- [What you need to do]:
Return every entry exactly as written, with the pictures removed.

Captioned web image data:
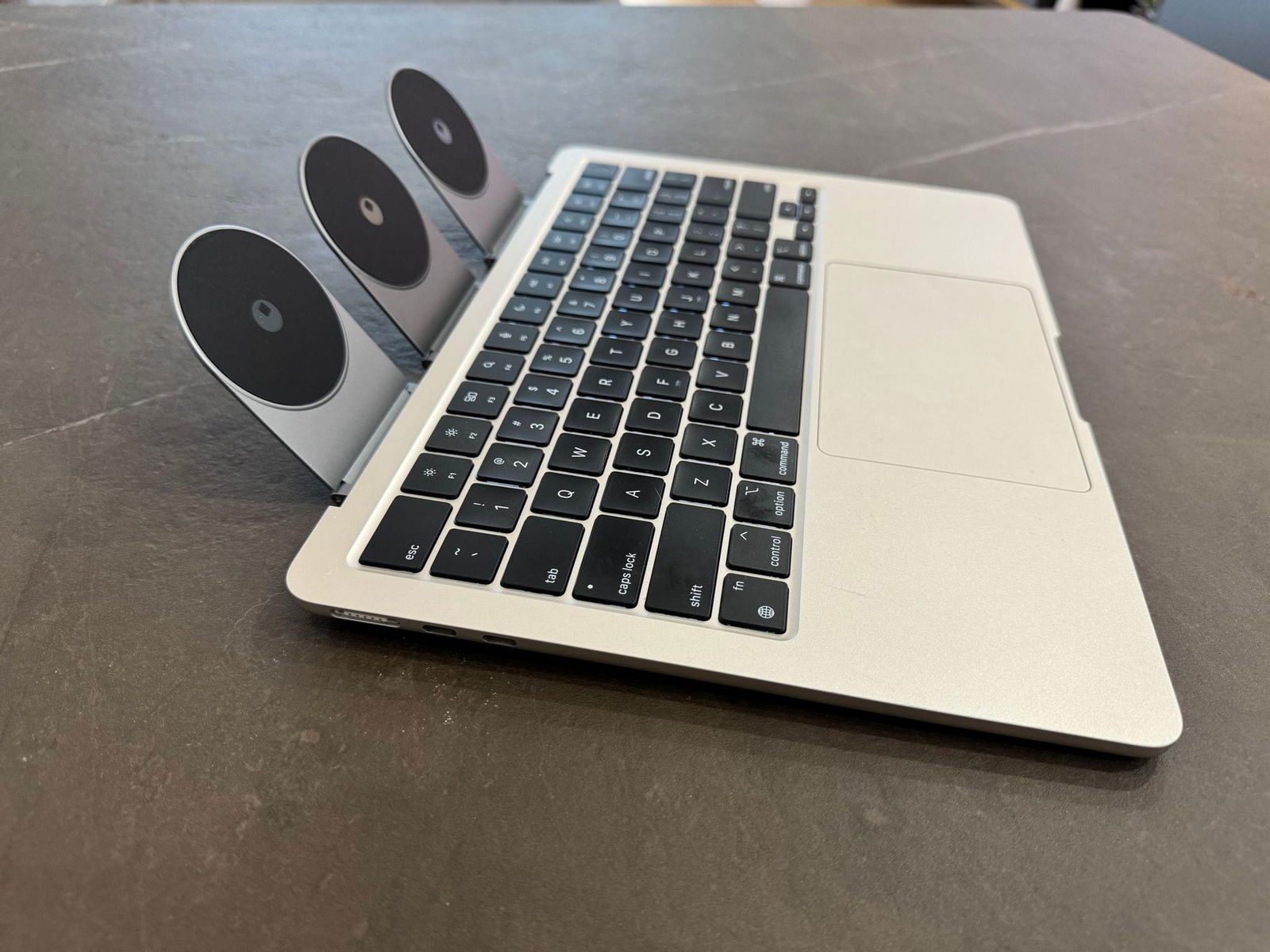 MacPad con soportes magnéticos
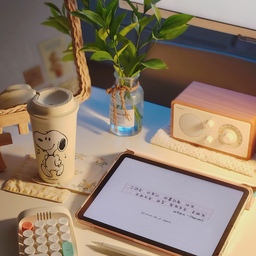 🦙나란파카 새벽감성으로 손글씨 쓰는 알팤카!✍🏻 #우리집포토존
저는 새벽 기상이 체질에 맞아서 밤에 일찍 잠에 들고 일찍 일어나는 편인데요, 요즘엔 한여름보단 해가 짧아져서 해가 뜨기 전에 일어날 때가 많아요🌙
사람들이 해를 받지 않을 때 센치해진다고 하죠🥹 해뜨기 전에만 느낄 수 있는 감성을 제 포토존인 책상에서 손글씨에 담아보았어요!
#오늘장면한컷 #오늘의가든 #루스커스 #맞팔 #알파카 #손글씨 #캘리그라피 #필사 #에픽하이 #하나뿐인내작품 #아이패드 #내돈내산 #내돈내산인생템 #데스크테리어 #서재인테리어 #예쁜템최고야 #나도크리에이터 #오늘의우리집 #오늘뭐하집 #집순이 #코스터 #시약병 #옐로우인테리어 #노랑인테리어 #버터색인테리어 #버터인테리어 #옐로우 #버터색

- [Result]:
 MacPad con soportes magnéticos
 🦙나란파카 새벽감성으로 손글씨 쓰는 알팤카!✍🏻 #우리집포토존
저는 새벽 기상이 체질에 맞아서 밤에 일찍 잠에 들고 일찍 일어나는 편인데요, 요즘엔 한여름보단 해가 짧아져서 해가 뜨기 전에 일어날 때가 많아요🌙
사람들이 해를 받지 않을 때 센치해진다고 하죠🥹 해뜨기 전에만 느낄 수 있는 감성을 제 포토존인 책상에서 손글씨에 담아보았어요!
#오늘장면한컷 #오늘의가든 #루스커스 #맞팔 #알파카 #손글씨 #캘리그라피 #필사 #에픽하이 #하나뿐인내작품 #아이패드 #내돈내산 #내돈내산인생템 #데스크테리어 #서재인테리어 #예쁜템최고야 #나도크리에이터 #오늘의우리집 #오늘뭐하집 #집순이 #코스터 #시약병 #옐로우인테리어 #노랑인테리어 #버터색인테리어 #버터인테리어 #옐로우 #버터색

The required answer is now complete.